Sentence: One of my favourite tennis players in the world is Rafa Nadal.
Label: 4; label name: Athlete; certainty: 0.904297
As it can be seen, the model classifies the sentence as Athlete with a certainty of 90.429%.
In this case, the model predicts that the tweet is positive with a certainty of 99.80% (and yeah, the hololens were really impressive).
Most text classification techniques use some kind of word featurization. It transforms the text into a numeric representation. This numeric representation allows machine learning algorithms for easily computing models using the words or characters as inputs. Two notable techniques are bag of words and word embedding.

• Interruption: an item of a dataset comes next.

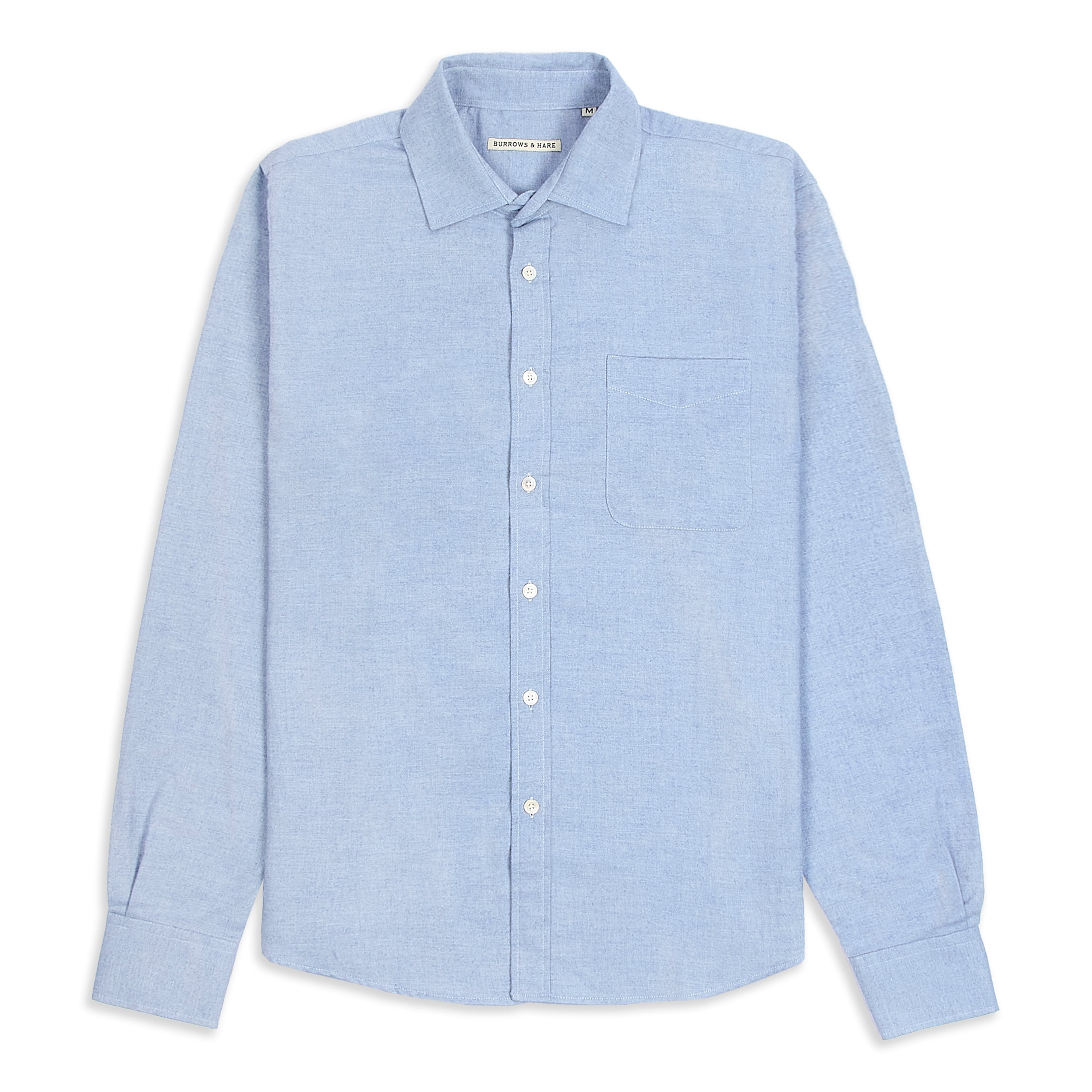 Classic Cotton Shirt - Pale Blue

Bag of words consists of computing the frequency of each word in the text as an histogram. Sometimes, instead of getting the frequency of single words, you can compute the method for pairs of words, often referred as bi-grams, or triplets of words, referred as tri-grams. The general case is called n-grams. Once the text is mapped as an histogram, other techniques can be applied. One example is text comparison, the bag of words of two sentences can be computed and subsequently compared using a metric like quadratic difference or Kullback-Liebler divergence.
Word embeddings was an idea introduced by Bengio in 2001. Basically, the method maps each word to a high dimensional vector of perhaps 50 to 300 dimensions. The algorithm learns simultaneously a distributed representation for each word along with a probability function for word sequences. Therefore the method can understand that the sentence "the cat is playing with a toy" and "the cat is playing with an object" are equivalent and have a high probability to be consistent. However, in the sentence "the cat is flying with a toy", the method would produce a low probability. Of all word embedding algorithms maybe the most popular is word2vec created by Mikolov.
Another property of word embeddings is that we can compute the similarity between words, as we did in the notebook (in the word representations section). In the multidimensional space, the difference between king and queen, 12.58, will be smaller than between king and woman, 20.16. Makes sense, right? At the same time, the difference between king and queen will be similar to the difference between man and woman, 11.27.
Finally, we can represent the words in a reduced dimensional space. For that we used the t-SNE algorithm. The results can be visualized in the section word space visualization of the notebook. After the computation, we can see that the words bird and dove are clustered together, also sister and brother, and mother and father.
Curiosly, the word wolf is closer to man, than woman. Basically, t-SNE is saying that a man is more similar to a wolf that to a woman. That's the first time I was insulted by an algorithm!!! You suck t-SNE!